__What the task requires__
Repeat every entry word for word; omit all pictures.

(Items from a dataset)

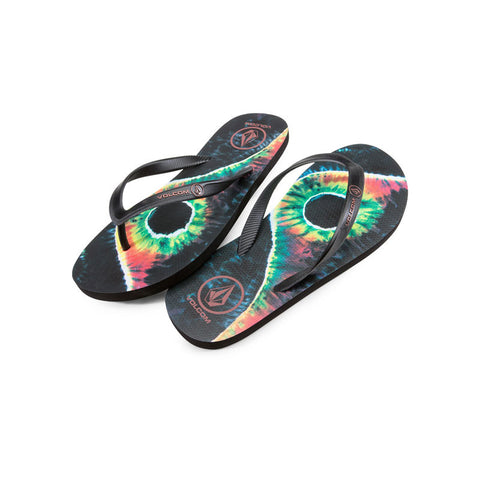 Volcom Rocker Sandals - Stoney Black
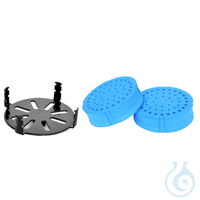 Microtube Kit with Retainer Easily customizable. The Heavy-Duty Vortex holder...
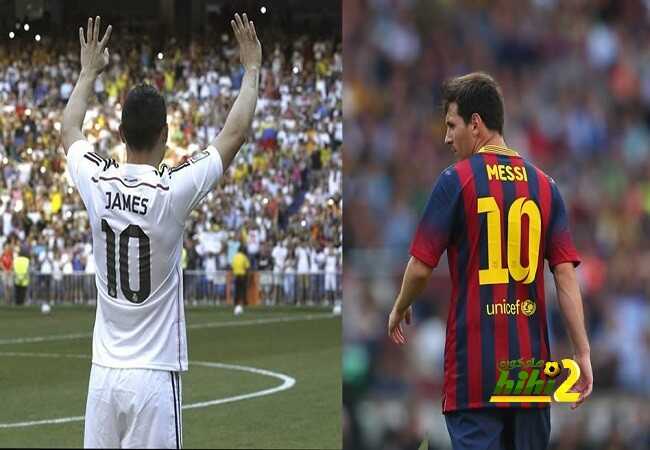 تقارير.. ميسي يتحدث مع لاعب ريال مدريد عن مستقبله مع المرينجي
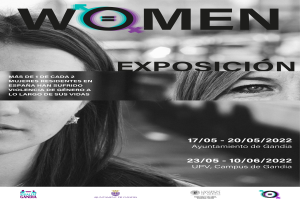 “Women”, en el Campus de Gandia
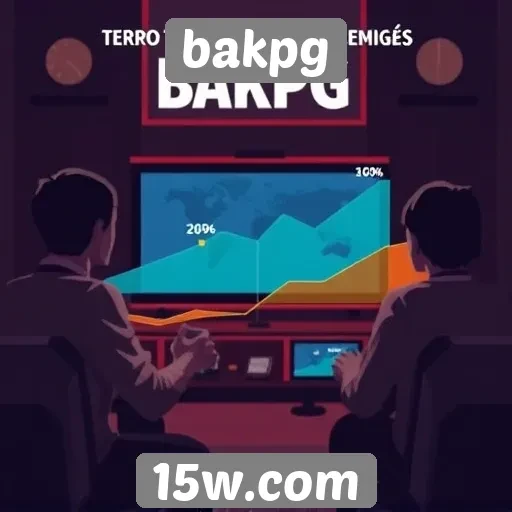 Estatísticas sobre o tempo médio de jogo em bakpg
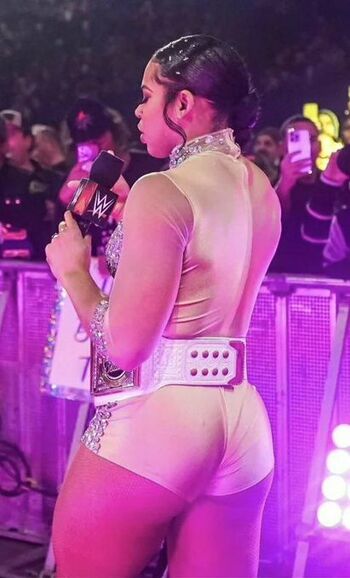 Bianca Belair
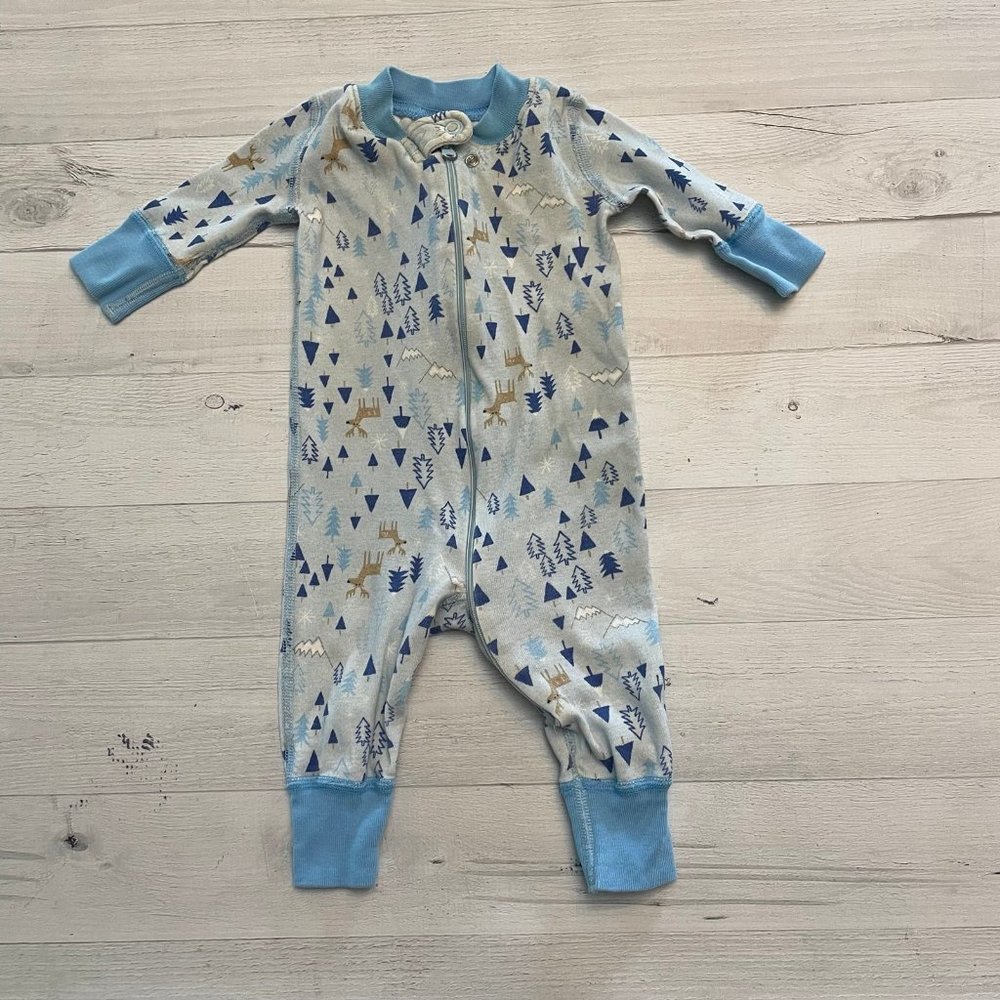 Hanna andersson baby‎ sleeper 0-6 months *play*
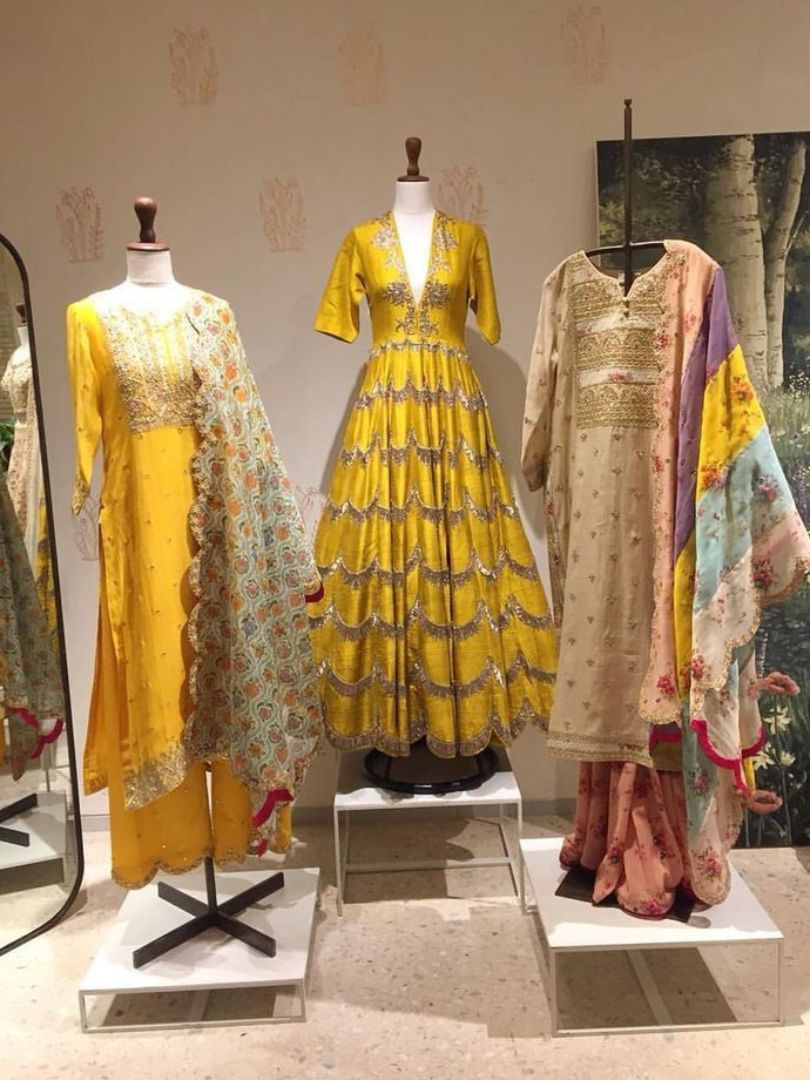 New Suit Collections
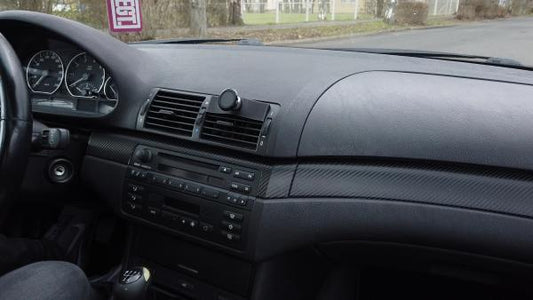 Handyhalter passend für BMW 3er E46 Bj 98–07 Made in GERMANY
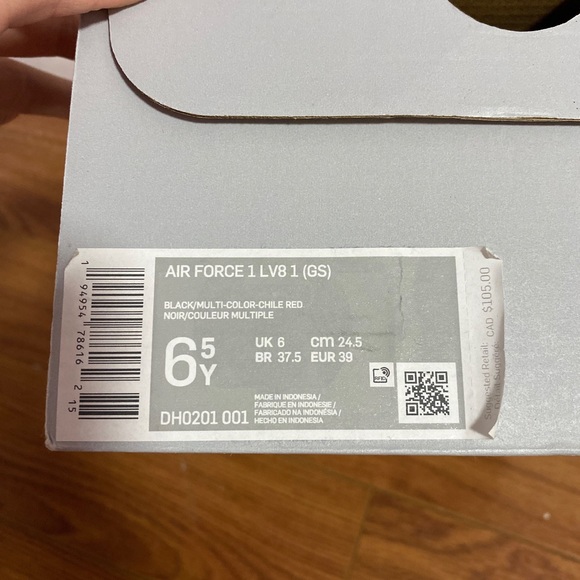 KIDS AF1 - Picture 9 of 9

__Completed exercise__
 Volcom Rocker Sandals - Stoney Black
 Microtube Kit with Retainer Easily customizable. The Heavy-Duty Vortex holder...
 تقارير.. ميسي يتحدث مع لاعب ريال مدريد عن مستقبله مع المرينجي
 “Women”, en el Campus de Gandia
 Estatísticas sobre o tempo médio de jogo em bakpg
 Bianca Belair
 Hanna andersson baby‎ sleeper 0-6 months *play*
 New Suit Collections
 Handyhalter passend für BMW 3er E46 Bj 98–07 Made in GERMANY
 KIDS AF1 - Picture 9 of 9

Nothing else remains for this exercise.